The announcement was made on Wednesday during the Future Minerals Forum in Riyadh, weeks after Washington and Kinshasa unveiled a bilateral minerals agreement aimed at strengthening cooperation in the extraction and processing of critical resources, without initially identifying specific projects.

The initiative follows a December 4 agreement intended to facilitate greater U.S. participation in the DRC’s vast reserves of copper, cobalt, lithium, and tantalum—minerals that are central to electric vehicles, defence systems, renewable energy technologies, and advanced electronics. The DRC is the world’s second-largest producer of copper and the leading global supplier of cobalt, a key component in battery manufacturing.

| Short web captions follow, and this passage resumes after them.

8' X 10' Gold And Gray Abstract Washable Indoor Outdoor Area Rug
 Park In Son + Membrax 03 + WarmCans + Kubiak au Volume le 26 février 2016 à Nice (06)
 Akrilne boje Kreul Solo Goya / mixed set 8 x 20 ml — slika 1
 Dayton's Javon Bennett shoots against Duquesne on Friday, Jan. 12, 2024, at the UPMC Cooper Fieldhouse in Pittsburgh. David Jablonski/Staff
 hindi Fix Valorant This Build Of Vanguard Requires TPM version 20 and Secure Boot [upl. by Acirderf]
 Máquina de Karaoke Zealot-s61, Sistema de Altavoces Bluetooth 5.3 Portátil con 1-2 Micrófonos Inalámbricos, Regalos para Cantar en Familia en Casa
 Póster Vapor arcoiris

Minister Watum underscored that the engagement with the United States would be strictly commercial in nature. He reiterated that while the DRC is open to American investment, projects will be negotiated transparently and on market-based terms, consistent with the country’s mining laws and investment framework.

For more than a decade, Chinese companies have dominated copper and cobalt production in the DRC, where the two metals are often extracted together. Firms such as CMOC have significantly expanded their footprint, while many U.S. and Western companies historically remained cautious, citing security risks, governance concerns, and logistical constraints.

Kinshasa now hopes that increased American involvement will help rebalance the sector. In 2007, the DRC granted Chinese mining companies extensive tax concessions extending to 2040 in exchange for large-scale infrastructure investments, a significant portion of which was never fully realized.

During that period, Western governments showed limited engagement in countering China’s growing influence in the Congolese mining sector.

By early 2025, Chinese firms were estimated to control the majority of the DRC’s mining output, including major assets such as the Tenke Fungurume mine, one of the world’s largest sources of cobalt.

The minerals agreement also forms part of a broader U.S.-supported regional initiative aimed at stabilizing eastern Congo and improving security conditions.

Under the framework often referred to as the “Washington Accords,” the United States is supporting regional peace efforts while encouraging responsible foreign investment in the DRC’s resource sector.

Minister Watum described the agreement as a flexible framework intended to deliver mutual benefits, acknowledging that security challenges persist in parts of the country but stressing the government’s commitment to reform, transparency, and investor protection.

The United States has identified dozens of critical minerals as essential to national security and economic competitiveness, many of which are currently supplied predominantly by China. U.S. authorities view diversification of supply—particularly through partnerships with resource-rich countries such as the DRC—as a strategic priority.

Through this initiative, the Democratic Republic of Congo is seeking to reposition itself as a reliable and competitive partner in global critical mineral supply chains, while advancing its broader objectives of economic diversification, value addition, and sustainable development.